● SUPPLIED ENTRIES
== Segment start ==
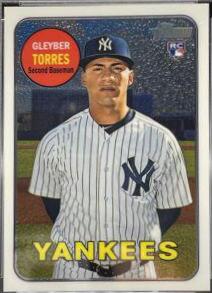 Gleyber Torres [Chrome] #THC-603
== Segment end ==
== Segment start ==
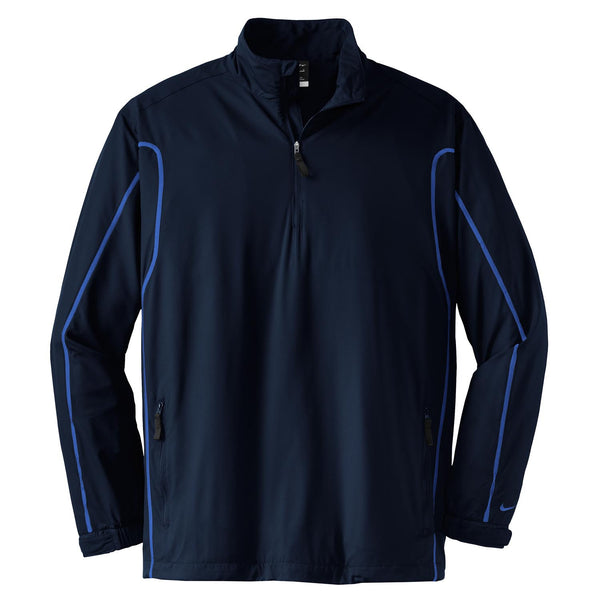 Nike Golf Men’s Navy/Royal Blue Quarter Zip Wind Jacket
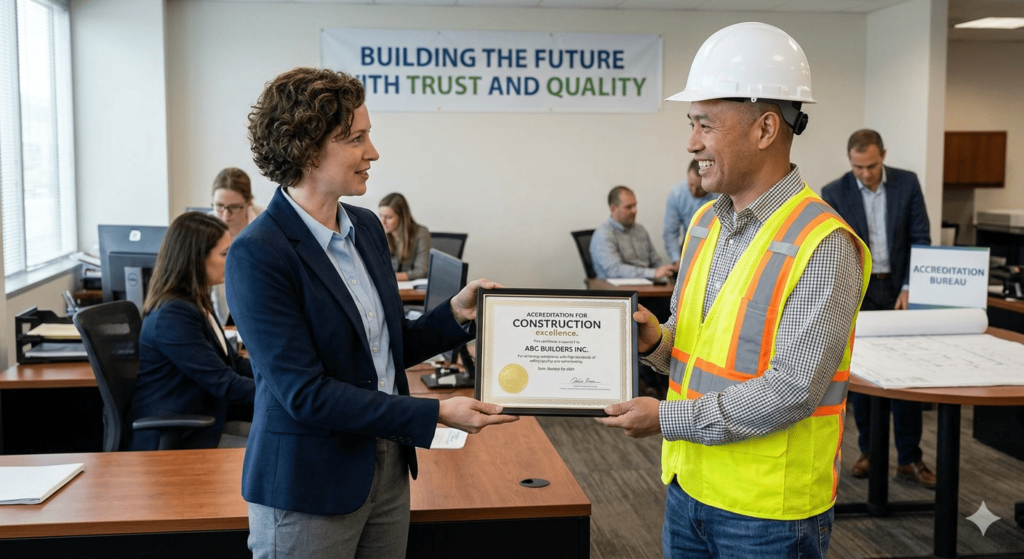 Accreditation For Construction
== Segment end ==
== Segment start ==
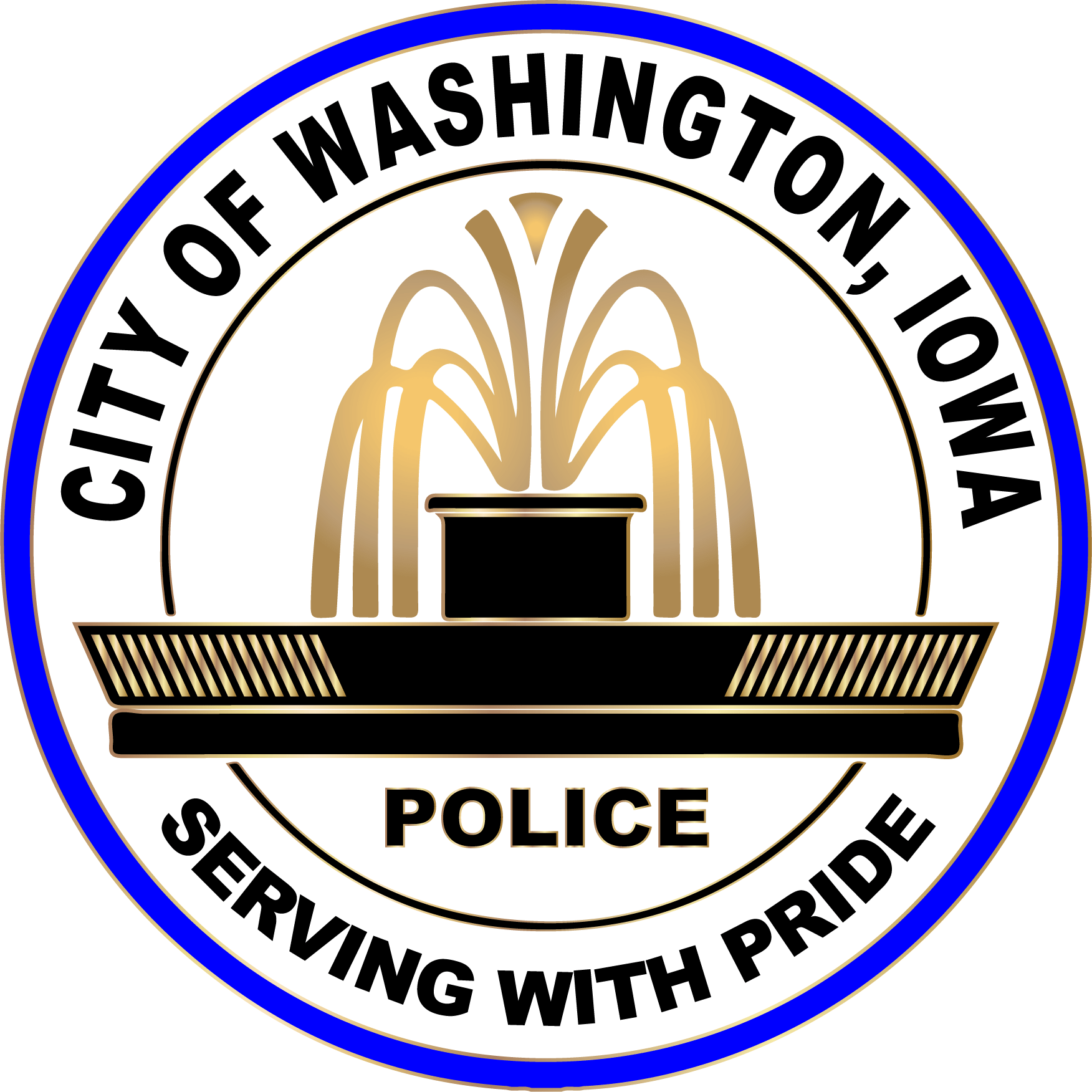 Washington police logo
== Segment end ==
● WHAT YOU NEED TO DO
Copy exactly the material above from the line with "Nike Golf Men’s" to the line with "Accreditation For Construction", ends included, and nothing else. Leave out any picture.

● OUTPUT BELOW
 Nike Golf Men’s Navy/Royal Blue Quarter Zip Wind Jacket
 Accreditation For Construction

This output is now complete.